I forced down a gristly meal of Godsmack and Mudvayne in the last "Who Charted," so I'm gonna reward myself with something a little more palatable this month. In the immortal words of O.D.B., "Rappenin' is what's happenin'." Let's check out Billboard's Rap Songs chart:
1. DRAKE, "OVER" | I can get over his C-minus rapping and his little doofus cartoon-lizard voice. I can even give him a pass for his weird habit of citing all his pop-culture references like a research essay: "Bout to set it off (Jada Pinkett)"; "Everything is kosher, two thumbs up (Ebert and Roeper)." But there's one thing I can't forgive, Drake — your chorus: "Woof!" (Home Alone). I know you're new to the music thing, but here's how it is: what you've got are some notes — thanks to Auto-Tune — but what you're looking for is a tune. You can't just splatter them around willy-nilly and expect a melody to happen. You did a track with Mary J. Blige once, right? Call her and ask how it works. Oh, and there's also a thing called making your lines scan, but that's some high-level poetic shit that you'll hear about when you're older.
2. B.O.B FEAT. BRUNO MARS, "NOTHIN' ON YOU" | When last I visited this track, it was topping the Heatseekers chart. "Dude's going to be famous as hell," I estimated, and a few months later, he topped the Hot 100. I'm not gloating about being prescient, because any critic could have seen that coming. It would take a completely tin-eared dude with no concept of tunecraft to miss that call — and, fortunately, those people are too busy being Drake to do any criticism.
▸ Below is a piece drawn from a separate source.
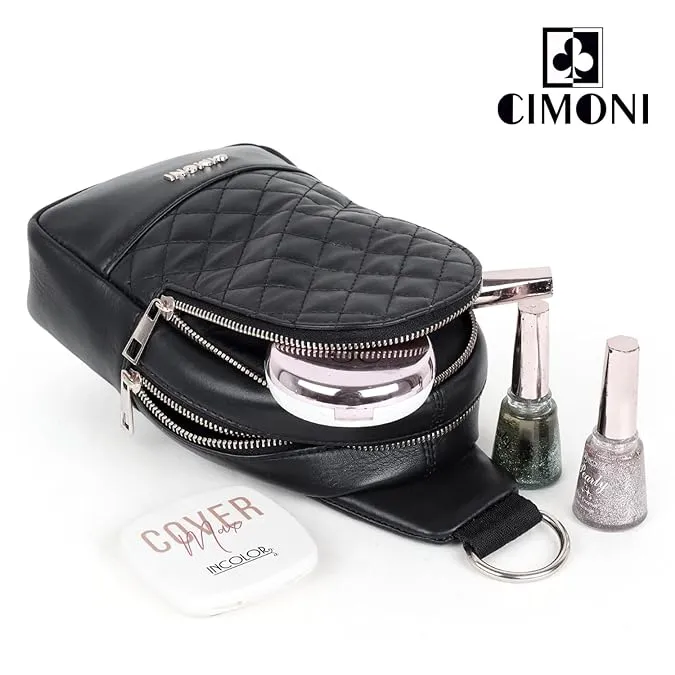 CIMONI Premium Genuine Leather Crossbody Bag Unisex Sling Bag Classy Trendy Crossbody Bag Shoulder Daytrip Travel Stylish Purse (Color - Black)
3. B.O.B. FEAT. HALEY WILLIAMS, "AIRPLANES" | More great rappenin' on this one, but its downfall is a maudlin chorus sung by the woman from Paramore. Skip the weepy-singy bits and you'll be fine. For the best experience, seek out "Airplanes Pt. II," which features one of the best Eminem verses in ages. (But skip the chorus on that one, too.)
4. LUDACRIS FEAT. NICKI MINAJ, "MY CHICK BAD" | After her insufferable fake-ditzy act in "Bed Rock," I was ready to write a plug-in for iTunes that detects and skips Nicki Minaj verses. To judge by this track, it may not be necessary. She doesn't knock it out of the park, but she holds her own next to Luda — which is no small feat. This just confirms my theory that Ludacris is a positive influence on young women's lives.
5. YOUNG JEEZY FEAT. PLIES, "LOSE MY MIND" | I was looking forward to some Jeezy because I thought it was finally time for something a little gullier, but nope — it's a dumb-shit club anthem. Doesn't play to Jeezy's strengths . . . and as for Plies, did I just hear him brag about paying for sex?
6. DJ KHALED FEAT. T-PAIN, LUDACRIS, SNOOP DOGG & RICK ROSS, "ALL I DO IS WIN" | Okay, so Luda, Snoop, and Ross do the rapping, T-Pain sings the hook, DJ Nasty & LVM did the beat . . . is it a dumb question to ask what the hell Khaled did on this track? Is getting those dudes in a room together a feat all by itself, or is he credited as the main artist because he's so good at yelling his own name at the beginning?